____ Provided data

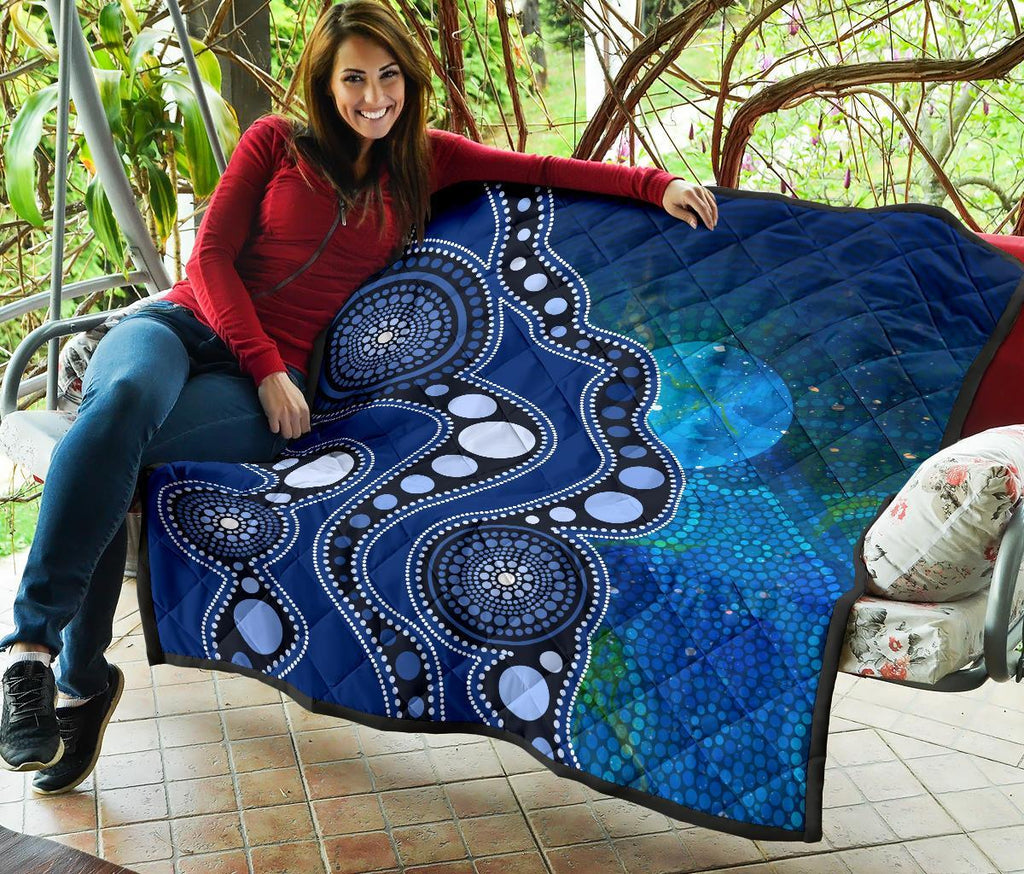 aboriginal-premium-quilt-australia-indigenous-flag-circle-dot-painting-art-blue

________
____ Provided data

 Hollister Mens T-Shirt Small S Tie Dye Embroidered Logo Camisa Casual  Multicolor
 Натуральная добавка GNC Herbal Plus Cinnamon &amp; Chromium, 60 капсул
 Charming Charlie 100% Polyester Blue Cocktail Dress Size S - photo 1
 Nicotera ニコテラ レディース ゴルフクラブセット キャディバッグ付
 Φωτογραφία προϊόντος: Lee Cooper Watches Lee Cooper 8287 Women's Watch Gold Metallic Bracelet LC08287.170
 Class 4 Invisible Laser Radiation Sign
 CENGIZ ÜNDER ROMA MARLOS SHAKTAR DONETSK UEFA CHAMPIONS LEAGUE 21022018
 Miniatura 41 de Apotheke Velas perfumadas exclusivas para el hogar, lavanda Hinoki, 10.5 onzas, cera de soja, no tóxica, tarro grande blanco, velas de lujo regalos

________
____ Provided data

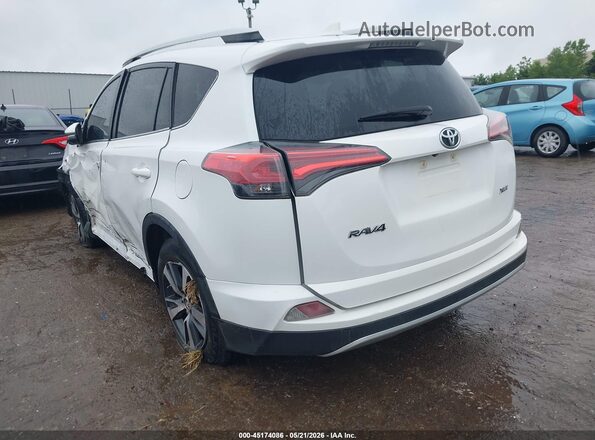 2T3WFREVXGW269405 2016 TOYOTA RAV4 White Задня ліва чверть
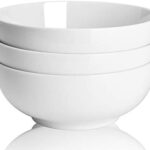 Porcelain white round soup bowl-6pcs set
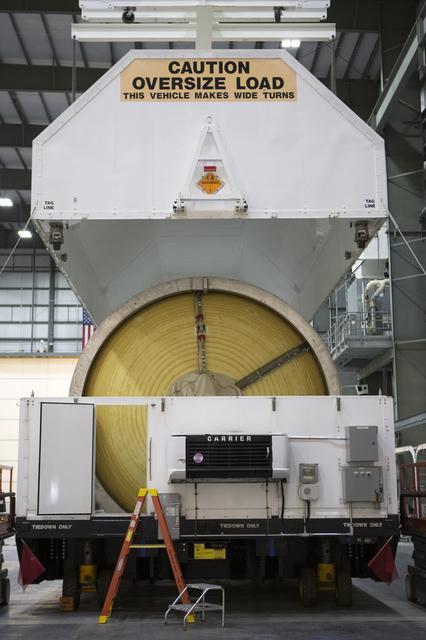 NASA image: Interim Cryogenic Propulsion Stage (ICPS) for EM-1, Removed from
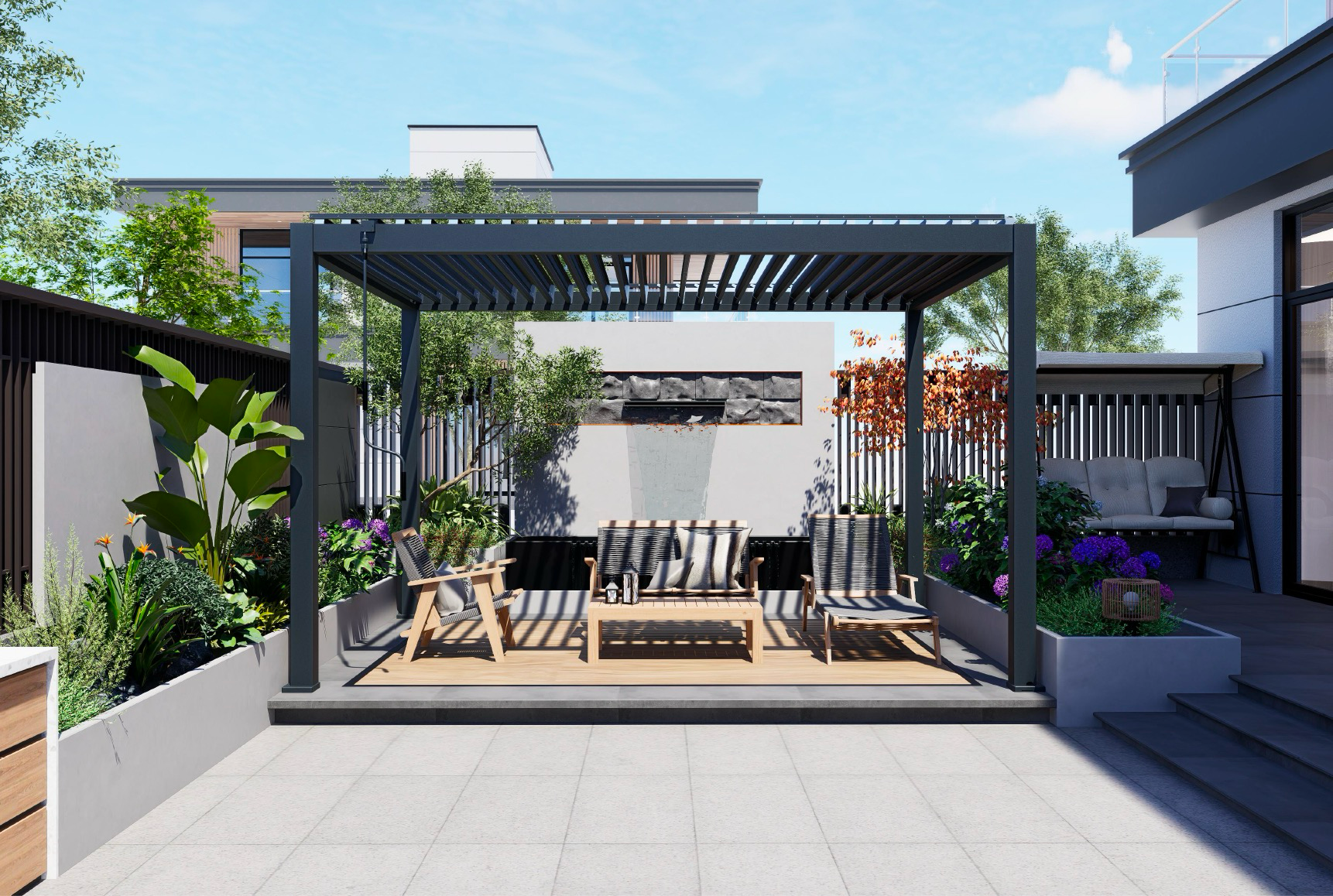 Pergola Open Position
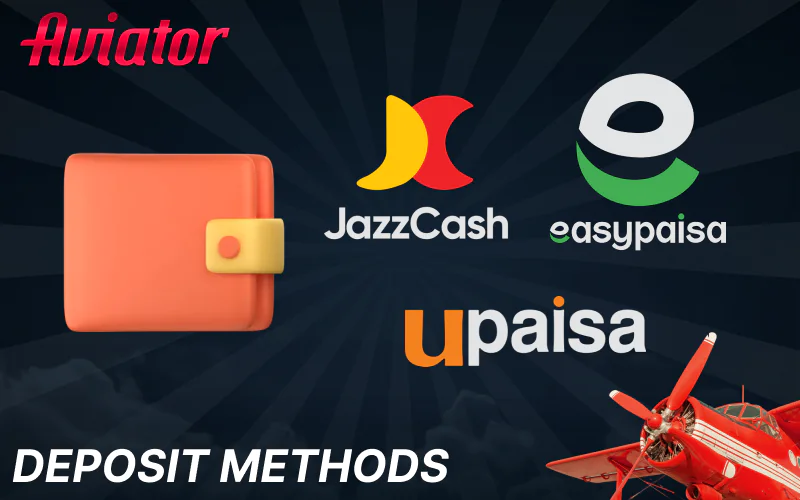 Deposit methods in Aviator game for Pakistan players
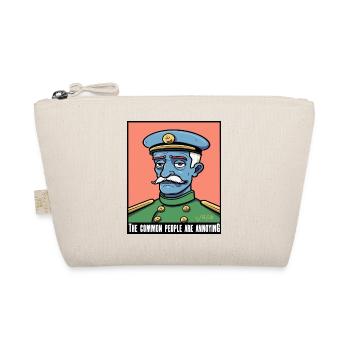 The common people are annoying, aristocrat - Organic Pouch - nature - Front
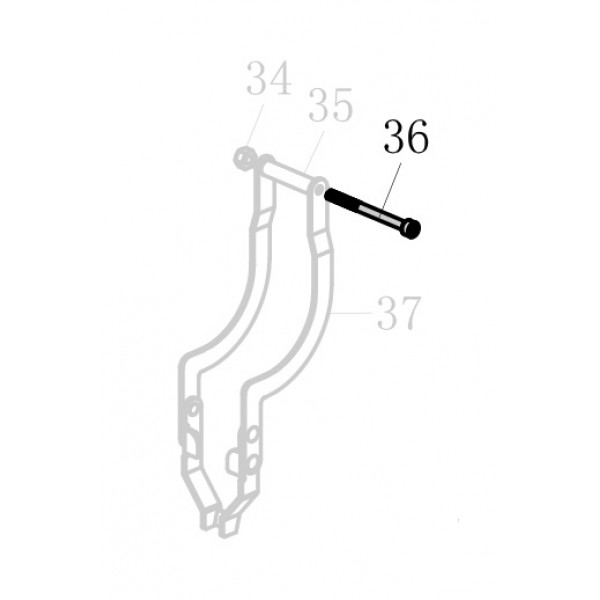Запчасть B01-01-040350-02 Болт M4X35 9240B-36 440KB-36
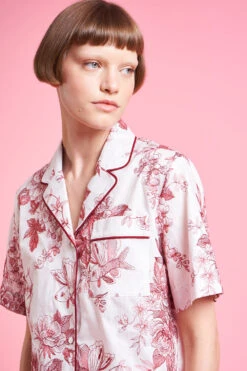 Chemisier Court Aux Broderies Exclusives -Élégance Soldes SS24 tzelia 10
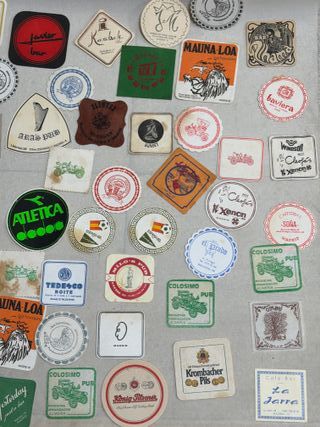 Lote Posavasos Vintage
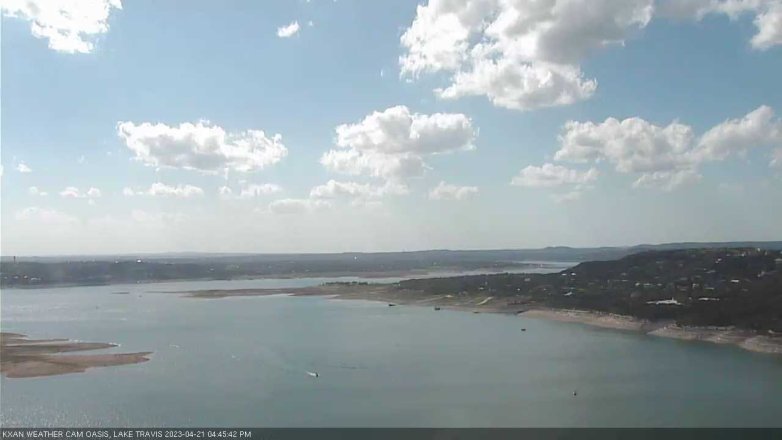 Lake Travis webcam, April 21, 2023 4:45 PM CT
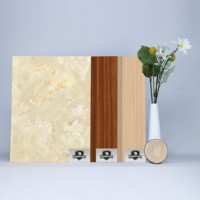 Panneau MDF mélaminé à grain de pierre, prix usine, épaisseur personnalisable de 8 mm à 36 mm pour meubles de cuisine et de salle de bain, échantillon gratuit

________

» Exercise brief
From the records above, quote word for word only the lines beginning at the line that has "Deposit methods in" and stopping after the line that has "Lake Travis webcam, April". Omit the pictures.

» Solution below
 Deposit methods in Aviator game for Pakistan players
 The common people are annoying, aristocrat - Organic Pouch - nature - Front
Запчасть B01-01-040350-02 Болт M4X35 9240B-36 440KB-36
 Chemisier Court Aux Broderies Exclusives -Élégance Soldes SS24 tzelia 10
 Lote Posavasos Vintage
 Lake Travis webcam, April 21, 2023 4:45 PM CT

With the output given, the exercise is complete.